EXERCISE AIM:
Every entry should be given again exactly, with nothing dropped.

** DATA FOR THIS EXERCISE follows **

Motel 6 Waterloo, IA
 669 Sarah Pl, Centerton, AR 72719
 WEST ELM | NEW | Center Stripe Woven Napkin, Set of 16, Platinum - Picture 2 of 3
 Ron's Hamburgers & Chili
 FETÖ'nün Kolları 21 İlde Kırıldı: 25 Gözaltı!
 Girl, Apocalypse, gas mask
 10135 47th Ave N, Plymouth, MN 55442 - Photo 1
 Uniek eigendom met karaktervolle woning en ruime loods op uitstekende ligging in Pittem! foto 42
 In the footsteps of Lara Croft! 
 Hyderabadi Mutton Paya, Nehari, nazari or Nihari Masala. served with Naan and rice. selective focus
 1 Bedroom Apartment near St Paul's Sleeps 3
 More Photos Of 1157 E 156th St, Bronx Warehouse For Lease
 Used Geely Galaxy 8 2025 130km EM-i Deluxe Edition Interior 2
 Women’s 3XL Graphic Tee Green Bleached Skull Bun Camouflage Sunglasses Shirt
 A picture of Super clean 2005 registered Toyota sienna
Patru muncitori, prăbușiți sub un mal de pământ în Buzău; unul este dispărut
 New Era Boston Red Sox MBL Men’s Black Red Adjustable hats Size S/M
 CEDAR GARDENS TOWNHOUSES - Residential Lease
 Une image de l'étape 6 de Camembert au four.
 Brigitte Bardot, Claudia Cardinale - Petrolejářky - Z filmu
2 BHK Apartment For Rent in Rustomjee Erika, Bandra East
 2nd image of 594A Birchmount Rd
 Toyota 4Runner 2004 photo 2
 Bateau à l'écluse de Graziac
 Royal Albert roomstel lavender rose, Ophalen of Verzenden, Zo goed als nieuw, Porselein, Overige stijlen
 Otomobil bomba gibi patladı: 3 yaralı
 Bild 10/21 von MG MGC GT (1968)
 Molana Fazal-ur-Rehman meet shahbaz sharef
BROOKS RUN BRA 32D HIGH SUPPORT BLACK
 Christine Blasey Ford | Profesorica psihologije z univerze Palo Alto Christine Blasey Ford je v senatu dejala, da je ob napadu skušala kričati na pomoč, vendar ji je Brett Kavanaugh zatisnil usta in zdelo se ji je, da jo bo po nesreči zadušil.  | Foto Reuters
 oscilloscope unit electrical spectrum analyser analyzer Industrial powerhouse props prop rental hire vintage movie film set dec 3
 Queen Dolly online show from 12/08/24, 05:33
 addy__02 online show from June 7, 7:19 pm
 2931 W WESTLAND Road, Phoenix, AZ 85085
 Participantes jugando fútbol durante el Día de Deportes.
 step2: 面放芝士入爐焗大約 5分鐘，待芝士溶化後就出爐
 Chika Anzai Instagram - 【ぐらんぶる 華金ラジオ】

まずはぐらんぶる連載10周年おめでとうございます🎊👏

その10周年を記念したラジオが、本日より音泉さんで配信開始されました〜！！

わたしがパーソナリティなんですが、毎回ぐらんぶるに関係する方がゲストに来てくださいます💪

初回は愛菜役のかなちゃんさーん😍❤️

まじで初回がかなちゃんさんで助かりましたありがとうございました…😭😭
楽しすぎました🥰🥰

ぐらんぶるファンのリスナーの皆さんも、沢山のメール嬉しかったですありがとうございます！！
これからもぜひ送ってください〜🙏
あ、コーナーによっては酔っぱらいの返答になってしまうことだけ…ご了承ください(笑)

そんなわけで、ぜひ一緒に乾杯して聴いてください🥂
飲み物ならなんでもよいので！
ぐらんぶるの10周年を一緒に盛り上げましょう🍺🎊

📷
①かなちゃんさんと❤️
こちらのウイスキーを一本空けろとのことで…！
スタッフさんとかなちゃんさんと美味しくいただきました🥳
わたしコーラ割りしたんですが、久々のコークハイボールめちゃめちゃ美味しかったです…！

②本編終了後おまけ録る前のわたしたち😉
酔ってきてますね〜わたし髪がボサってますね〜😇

** End of DATA FOR THIS EXERCISE **

RESULT OF THIS TASK:
Motel 6 Waterloo, IA
 669 Sarah Pl, Centerton, AR 72719
 WEST ELM | NEW | Center Stripe Woven Napkin, Set of 16, Platinum - Picture 2 of 3
 Ron's Hamburgers & Chili
 FETÖ'nün Kolları 21 İlde Kırıldı: 25 Gözaltı!
 Girl, Apocalypse, gas mask
 10135 47th Ave N, Plymouth, MN 55442 - Photo 1
 Uniek eigendom met karaktervolle woning en ruime loods op uitstekende ligging in Pittem! foto 42
 In the footsteps of Lara Croft! 
 Hyderabadi Mutton Paya, Nehari, nazari or Nihari Masala. served with Naan and rice. selective focus
 1 Bedroom Apartment near St Paul's Sleeps 3
 More Photos Of 1157 E 156th St, Bronx Warehouse For Lease
 Used Geely Galaxy 8 2025 130km EM-i Deluxe Edition Interior 2
 Women’s 3XL Graphic Tee Green Bleached Skull Bun Camouflage Sunglasses Shirt
 A picture of Super clean 2005 registered Toyota sienna
Patru muncitori, prăbușiți sub un mal de pământ în Buzău; unul este dispărut
 New Era Boston Red Sox MBL Men’s Black Red Adjustable hats Size S/M
 CEDAR GARDENS TOWNHOUSES - Residential Lease
 Une image de l'étape 6 de Camembert au four.
 Brigitte Bardot, Claudia Cardinale - Petrolejářky - Z filmu
2 BHK Apartment For Rent in Rustomjee Erika, Bandra East
 2nd image of 594A Birchmount Rd
 Toyota 4Runner 2004 photo 2
 Bateau à l'écluse de Graziac
 Royal Albert roomstel lavender rose, Ophalen of Verzenden, Zo goed als nieuw, Porselein, Overige stijlen
 Otomobil bomba gibi patladı: 3 yaralı
 Bild 10/21 von MG MGC GT (1968)
 Molana Fazal-ur-Rehman meet shahbaz sharef
BROOKS RUN BRA 32D HIGH SUPPORT BLACK
 Christine Blasey Ford | Profesorica psihologije z univerze Palo Alto Christine Blasey Ford je v senatu dejala, da je ob napadu skušala kričati na pomoč, vendar ji je Brett Kavanaugh zatisnil usta in zdelo se ji je, da jo bo po nesreči zadušil.  | Foto Reuters
 oscilloscope unit electrical spectrum analyser analyzer Industrial powerhouse props prop rental hire vintage movie film set dec 3
 Queen Dolly online show from 12/08/24, 05:33
 addy__02 online show from June 7, 7:19 pm
 2931 W WESTLAND Road, Phoenix, AZ 85085
 Participantes jugando fútbol durante el Día de Deportes.
 step2: 面放芝士入爐焗大約 5分鐘，待芝士溶化後就出爐
 Chika Anzai Instagram - 【ぐらんぶる 華金ラジオ】

まずはぐらんぶる連載10周年おめでとうございます🎊👏

その10周年を記念したラジオが、本日より音泉さんで配信開始されました〜！！

わたしがパーソナリティなんですが、毎回ぐらんぶるに関係する方がゲストに来てくださいます💪

初回は愛菜役のかなちゃんさーん😍❤️

まじで初回がかなちゃんさんで助かりましたありがとうございました…😭😭
楽しすぎました🥰🥰

ぐらんぶるファンのリスナーの皆さんも、沢山のメール嬉しかったですありがとうございます！！
これからもぜひ送ってください〜🙏
あ、コーナーによっては酔っぱらいの返答になってしまうことだけ…ご了承ください(笑)

そんなわけで、ぜひ一緒に乾杯して聴いてください🥂
飲み物ならなんでもよいので！
ぐらんぶるの10周年を一緒に盛り上げましょう🍺🎊

📷
①かなちゃんさんと❤️
こちらのウイスキーを一本空けろとのことで…！
スタッフさんとかなちゃんさんと美味しくいただきました🥳
わたしコーラ割りしたんですが、久々のコークハイボールめちゃめちゃ美味しかったです…！

②本編終了後おまけ録る前のわたしたち😉
酔ってきてますね〜わたし髪がボサってますね〜😇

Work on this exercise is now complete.